28. Ms Taglieri indicated that the Complainant wished to make it clear that he did not have a problem with "one back" training it was the circumstances in which he was required to transfer contrary to his wishes which he complains of and alleges constituted less favourable treatment. Ms Taglieri also posed the question as to why the Complainant was the first person to do one back training on the paper machine.
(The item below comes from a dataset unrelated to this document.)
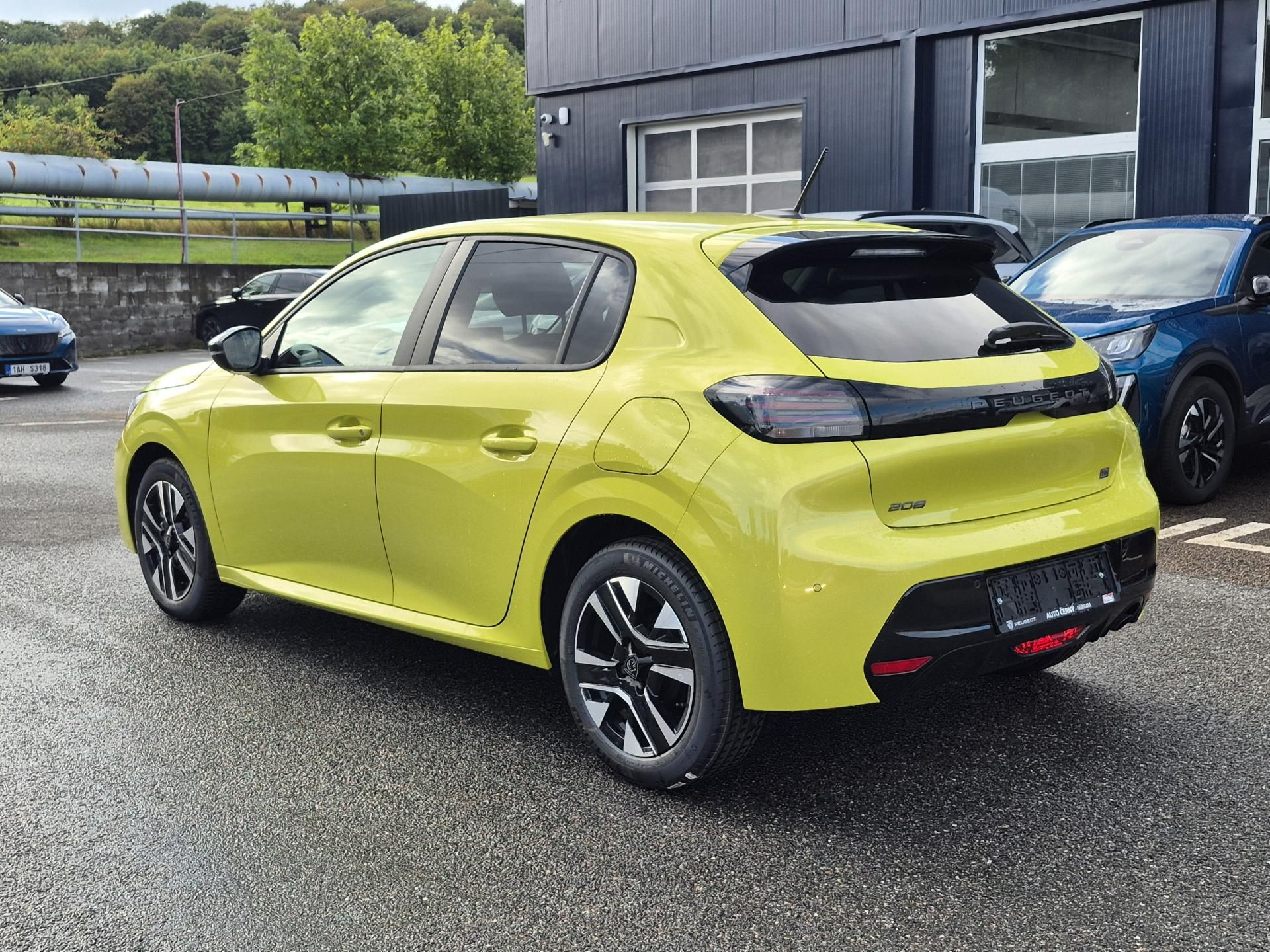 Peugeot 208, EDITION Turbo 100 MAN6 - fotka 3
29. There is clear evidence available, and it was not disputed by the Complainant, that on the 17th of February 2001 he was absent on sick leave. As a consequence the WV11 Paper Machine shut down for the remainder of the shift for want of an operator on the wet end of the machine. The Complainant would normally have been the wet end operator on that shift. Mr John Tregenza had not completed his training as wet end operator at that time and could not therefore replace the Complainant. The Company gave notice to the Regional Secretary of the AMWU's Printing Division on the 22nd of March 2001 that once Mr Tregenza was available as an alternative operator on the wet end of the paper machine the Complainant would be retrained in the dry end. On the 11th of April 2001 Second Named Respondent wrote to the regional Secretary again confirming the Complainant's intended retraining and the intention to transfer him to another shift for that purpose. On the 26th of April 2001 a written memo was provided to the Complainant advising him he would commence on C shift on the 29th of April 2001. This notice was given in accordance with the terms of the Enterprise Bargaining Agreement which required 48 hours notice of any transfer.

30. Clause 14 of the Second Named Respondent's statement (fourth dot point on page four) says that "The catalyst for Peter being the first such operator was the costly shut of the paper machine on D shift on the 17th of February 2001 and the need to avoid such a recurrence".
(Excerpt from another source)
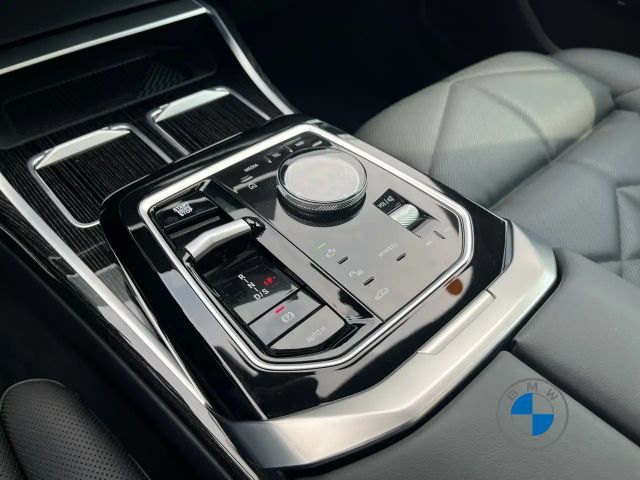 BMW 740 740d M-Sport Sedan xDrive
31. The Commissioner concluded that the Complainant's transfer from one shift to another for the purposes of training was not less favourable treatment as he was not the only employee required to do so and that "there was or appears to have been (necessarily in the light of the shut down and Enterprise Bargaining Agreement) an emphasis on multi-skilling and the need for more variously skilled workers" (p.43).

32. Having considered the extensive materials provided by both parties to the Commissioner and to the Tribunal and the submissions of Counsel for each party, the Tribunal is of the view that the decision of the Commissioner to dismiss the Complainant's complaint was correct. It is the Tribunal's view that there is insufficient evidence to establish on a prima faire basis, that the Complainant was treated less favourably than other employees when he was required to retrain in another shift.

33. The complaint therefore lapses under section 72(1) of the Act.